Action item -
Data follows below. Repeat exactly the lines between the line holding "2023 URS LT" and the line holding "Estudio, 2 camas", inclusive, and nothing more; drop pictures.

Data for analysis -
= = = =
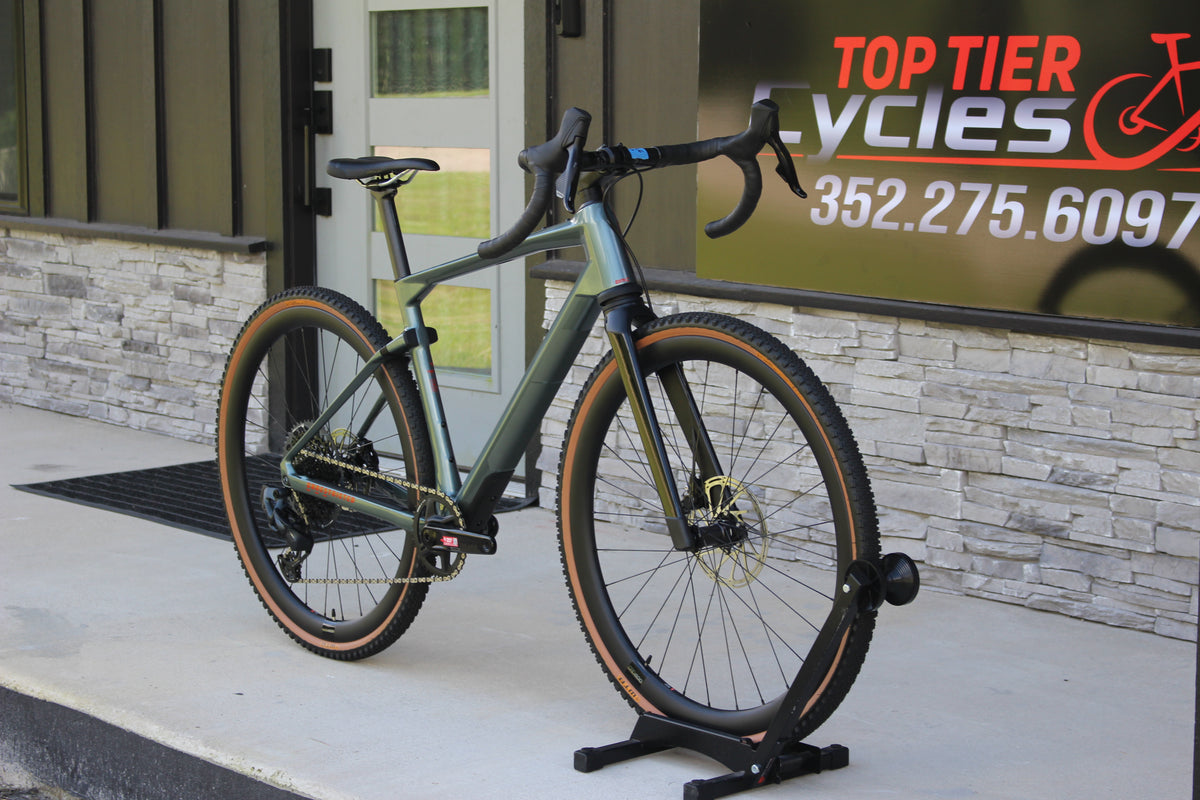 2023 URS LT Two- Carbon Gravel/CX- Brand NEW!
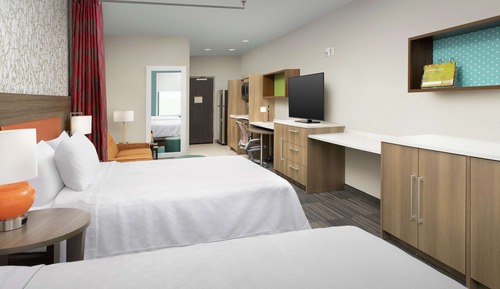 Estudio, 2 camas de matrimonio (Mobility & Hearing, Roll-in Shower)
= = = =
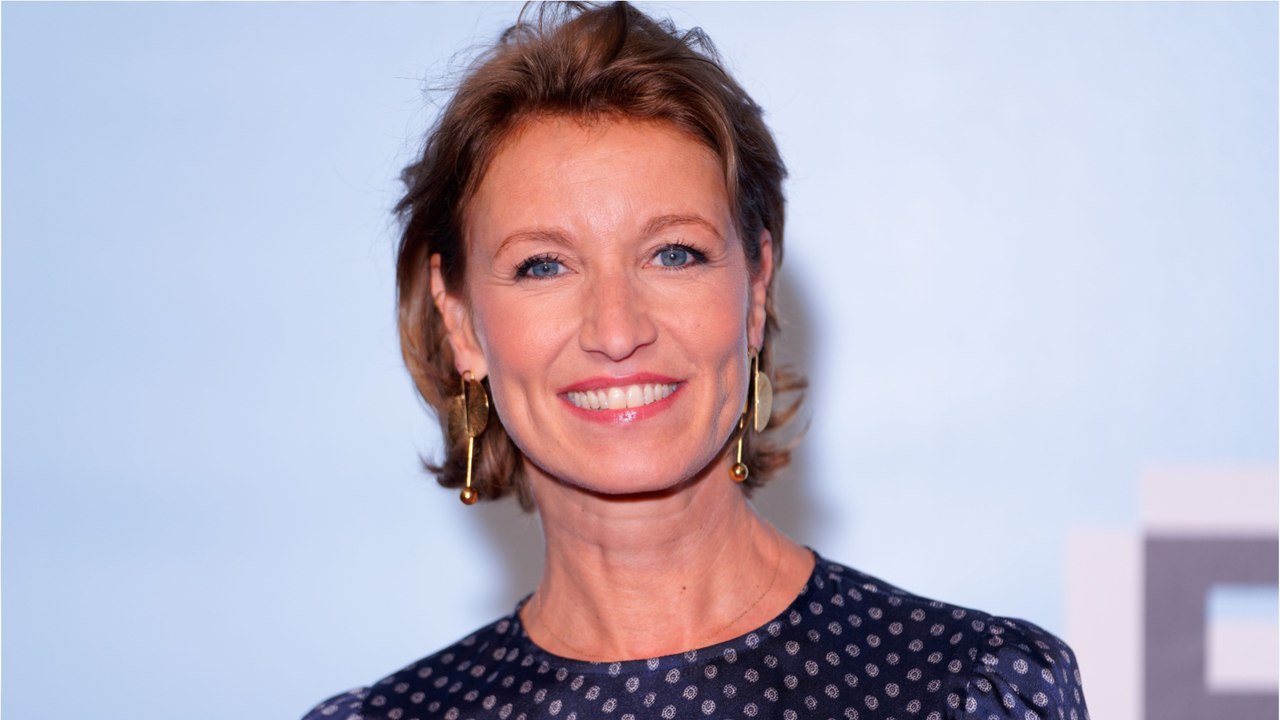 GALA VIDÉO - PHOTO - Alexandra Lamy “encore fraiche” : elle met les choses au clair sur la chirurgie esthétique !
= = = =
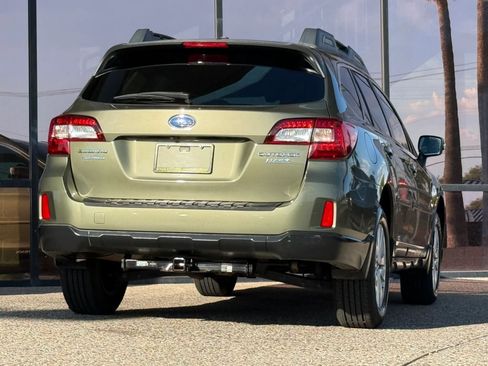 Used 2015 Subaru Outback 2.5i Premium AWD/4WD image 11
= = = =
Exercise output -
 2023 URS LT Two- Carbon Gravel/CX- Brand NEW!
 Estudio, 2 camas de matrimonio (Mobility & Hearing, Roll-in Shower)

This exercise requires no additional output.